Sunday, February 05, 2006

Bush: Gone fishing

A very revealing article in Sunday's Washington Post indicates that the Bush administration's infamous warrantless surveillance program is nothing but a big fishing expedition that turned up little in the way of actionable leads in relation to the useless leads it produced.

And, according to many legal analysts who have studied the matter, this is a major problem in relation to both the probable cause and the reasonable basis provisions in the Fourth Amendment.

Fewer than 10 U.S. citizens or residents a year, according to an authoritative account, have aroused enough suspicion during warrantless eavesdropping to justify interception of their domestic calls, as well. That step still requires a warrant from a federal judge, for which the government must supply evidence of probable cause.

The Bush administration refuses to say -- in public or in closed session of Congress -- how many Americans in the past four years have had their conversations recorded or their e-mails read by intelligence analysts without court authority. Two knowledgeable sources placed that number in the thousands; one of them, more specific, said about 5,000.

The program has touched many more Americans than that. Surveillance takes place in several stages, officials said, the earliest by machine. Computer-controlled systems collect and sift basic information about hundreds of thousands of faxes, e-mails and telephone calls into and out of the United States before selecting the ones for scrutiny by human eyes and ears.

Successive stages of filtering grow more intrusive as artificial intelligence systems rank voice and data traffic in order of likeliest interest to human analysts. But intelligence officers, who test the computer judgments by listening initially to brief fragments of conversation, "wash out" most of the leads within days or weeks.

The scale of warrantless surveillance, and the high proportion of bystanders swept in, sheds new light on Bush's circumvention of the courts.
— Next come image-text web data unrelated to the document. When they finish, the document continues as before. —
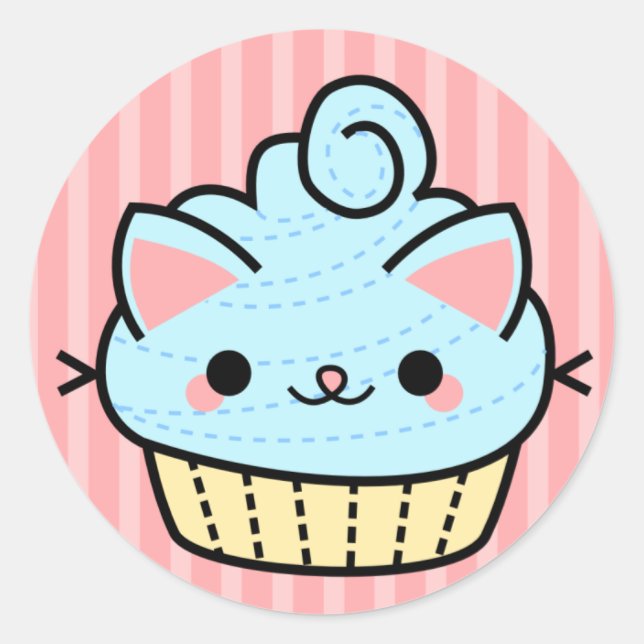 Adesivo Cupcake Kawaii Adorável (Frente)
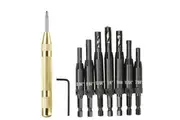 8 Pieces Centre Drill Bits Set Self Centering Hinge Hole Drilling With Auto Punch black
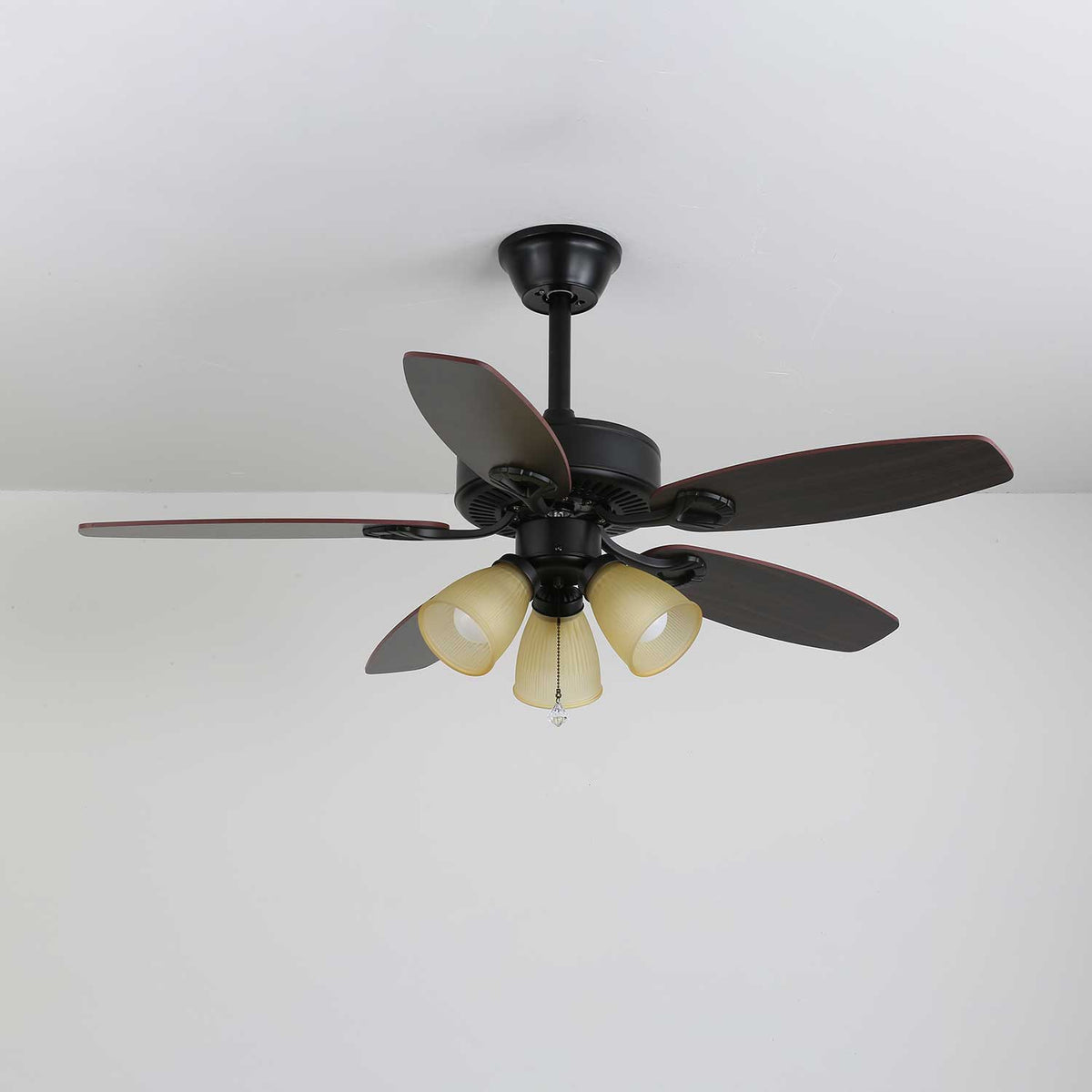 Calviera Vintage Holz-Glas-Deckenventilator mit Beleuchtung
National security lawyers, in and out of government, said the washout rate raised fresh doubts about the program's lawfulness under the Fourth Amendment, because a search cannot be judged "reasonable" if it is based on evidence that experience shows to be unreliable. Other officials said the disclosures might shift the terms of public debate, altering perceptions about the balance between privacy lost and security gained.
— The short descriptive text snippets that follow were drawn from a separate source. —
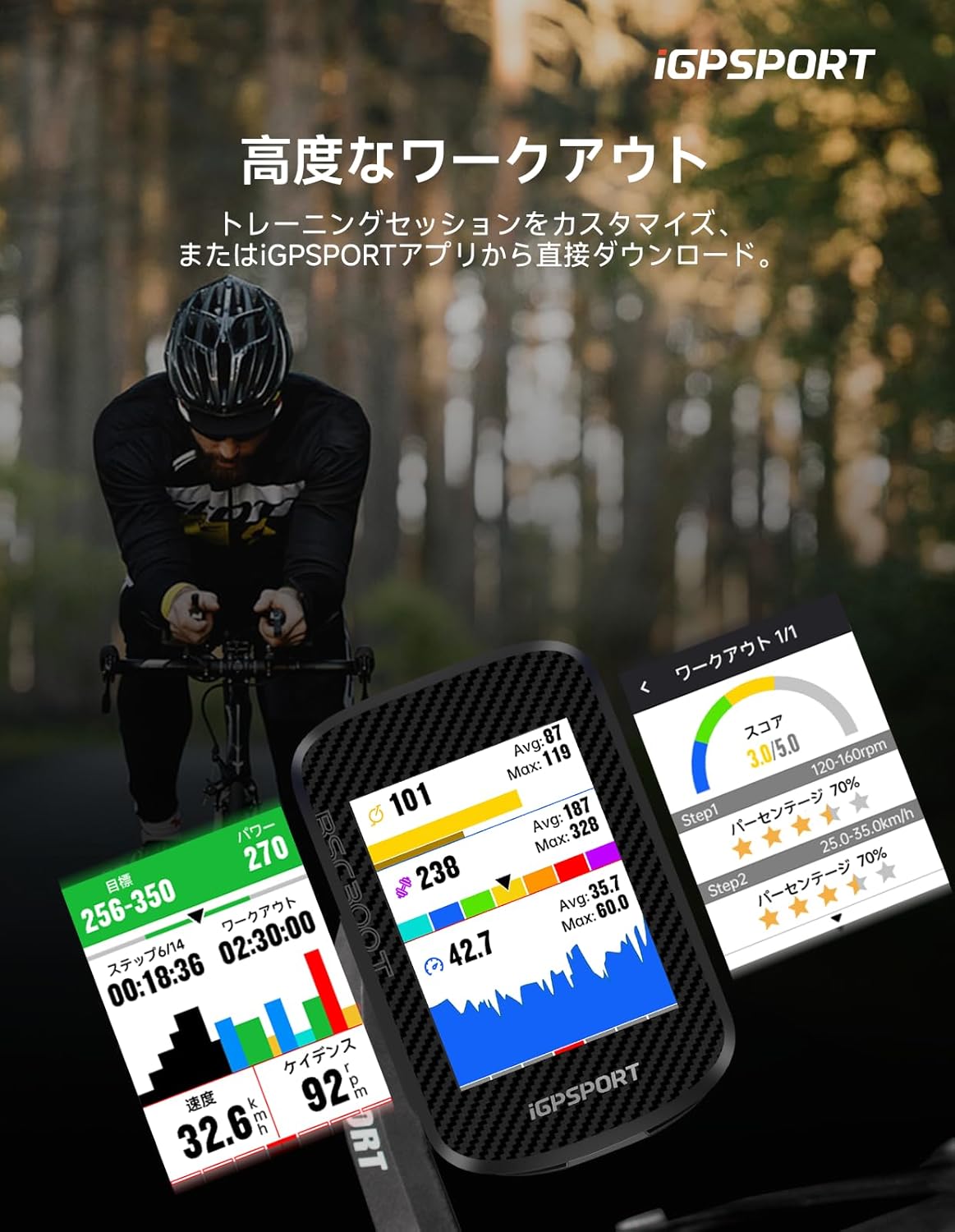 サイクルコンピュータ サイコン Bluetooth タッチスクリーン搭載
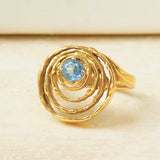 Reserved! Vintage John Donald sculptural aquamarine ring, 18ct yellow gold
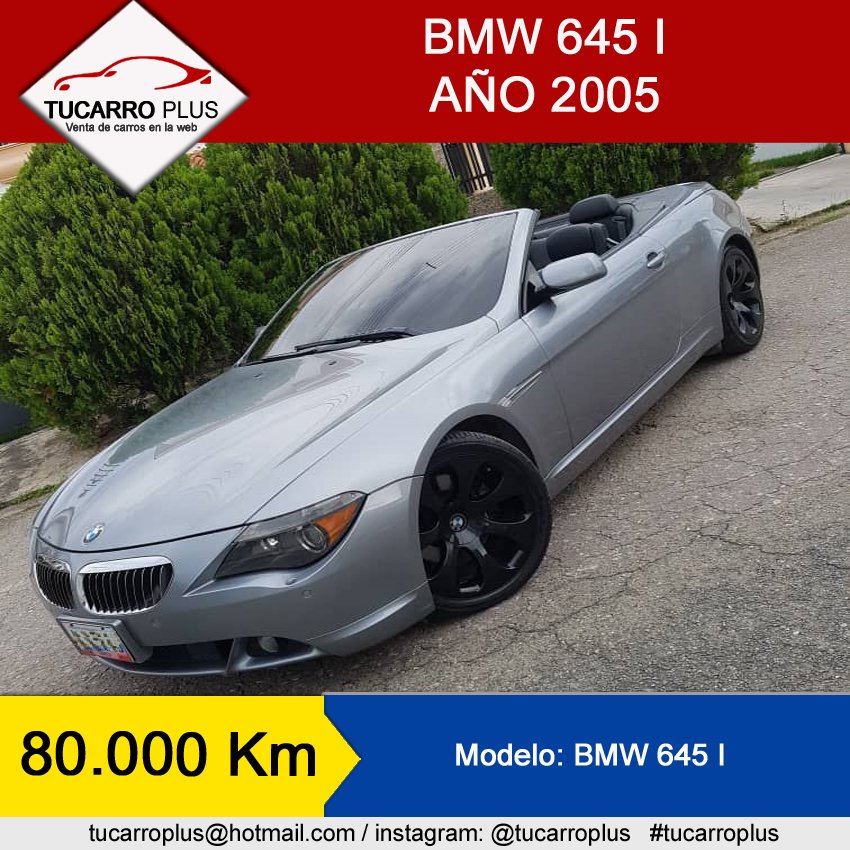 tucarroplus3's tweet photo. Vendo. BMW 645 I
.
80.000 Km
.
En MARACAY
.
Precio: CONSULTE
.
#tucarroplus #ventacarro #aragua #carabobo #caracas #venezuela #maracay #valencia #cars #like #Sigueme #followme #vehiculos #instagram #carros #Toyota #chevrolet #ford #audi #Mitsubishi #felizJueves #4Abril #bmw https://t.co/CA51z9Ac8Q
Hmmm. Sounds like a problem to me.

The article goes on to talk about a variety of mechanical methods of obtaining and sifting through communications. And by the sound of it, the government may be well on its way to sifting through ALL of our communications for tidbits of useful information. If they're looking for legitimate terrorist threats, that's one thing. But it opens an entirely new can of worms if the government - or certain elements within that government - decides to look for something else altogether.

Do you trust your government to do only the "right" thing with all of this information? I don't.